Numerical examples verified the effectiveness of the designed control scheme and demonstrated exponential synchronization and preset-time synchronization achieved under intermittent random disturbance conditions. Specific results are as follows:

  1. Fast Synchronization Control: Based on the designed controller, conditions for exponential synchronization were derived, proving that neural networks can quickly achieve synchronization under intermittent interference conditions.

  2. Preset-time Synchronization Control: By further optimizing the controller, conditions for achieving synchronization within a preset time were explored, successfully achieving synchronization control within a given time.

  3. Experimental Simulation: Numerical simulations showed the synchronization effects of the designed controller under different parameter conditions, verifying the feasibility of the theoretical conditions proposed in the paper.

c) Research Conclusions

This study proposes a new mode of stochastic disturbance, namely intermittent random disturbance, which better reflects the disturbance conditions in actual networks compared to continuous disturbances. By designing controllers with adjustable synchronization rates, exponential synchronization and preset-time synchronization were achieved. The research results not only theoretically validated the effectiveness but also demonstrated application value in practical applications such as image encryption and decryption.

IV. Research Highlights

  1. Innovative Disturbance Model: Proposes an intermittent random disturbance mode, which can better simulate actual scenarios compared to traditional continuous disturbances.

  2. Fast Synchronization Control: Designed controllers with adjustable synchronization rates, achieving fast synchronization through the Laplacian matrix and Lyapunov stability theory, significantly improving control efficiency and speed.

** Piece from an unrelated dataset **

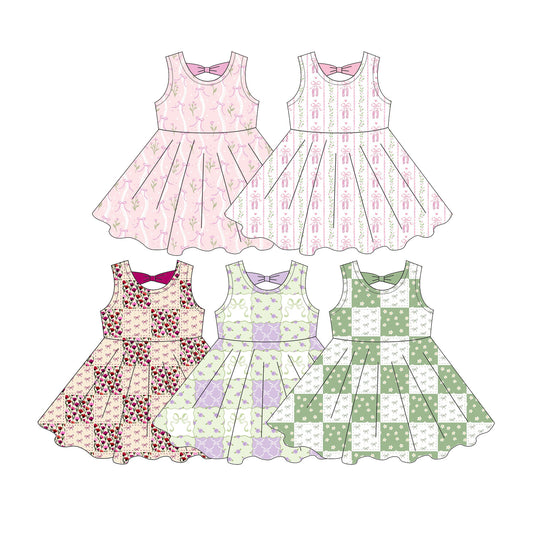 3.10 Custom moq 5 mix size Sibling Baby Girl Sleeveless Bow Print Dress Knee-Length Casual Wear for Infants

  3. Practical Application Value: The research results were successfully applied to image encryption and decryption, showing potential applications in secure communication, image processing, and other fields.

  4. Comprehensive Mathematical Validation: Through rigorous mathematical calculations and numerical simulations, the effectiveness and robustness of the proposed methods were validated.

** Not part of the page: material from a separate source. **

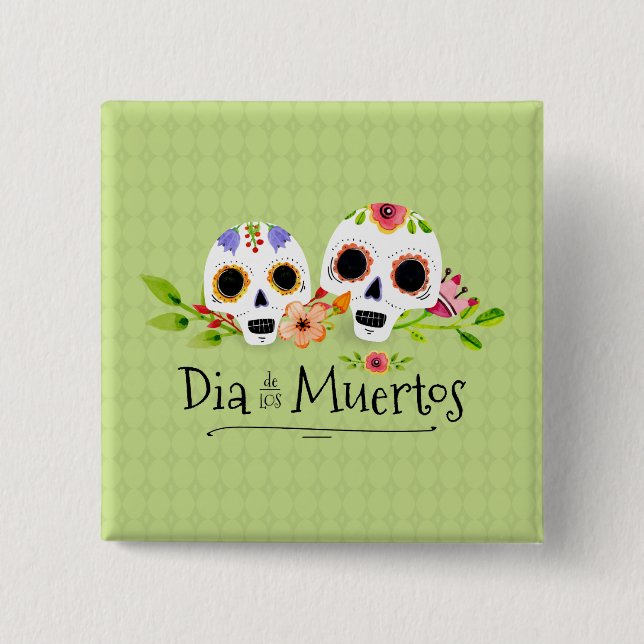 Cuadrada Calaveras de azúcar floral Dia de Muertos | Chapa (Anverso)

V. Other Valuable Information

  1. Comparison with Other Research: The paper compares the proposed method to other literature in terms of synchronization rate, synchronization mode, and disturbance mode, demonstrating the unique advantages of the method in synchronization control.

  2. Technical Superiority: The proposed intermittent random disturbance model and its synchronization method show advantages in handling complex network environments, providing new theoretical bases and practical tools.

VI. Summary

This paper proposes a new mode of stochastic disturbance and corresponding fast synchronization control methods, achieving significant theoretical breakthroughs and demonstrating high application value in practical scenarios. Through rigorous mathematical validation and actual case studies, the effectiveness and robustness in complex network environments were proven. The research results provide new ideas for synchronization control of neural networks and promote their application in secure communication fields such as image encryption and decryption.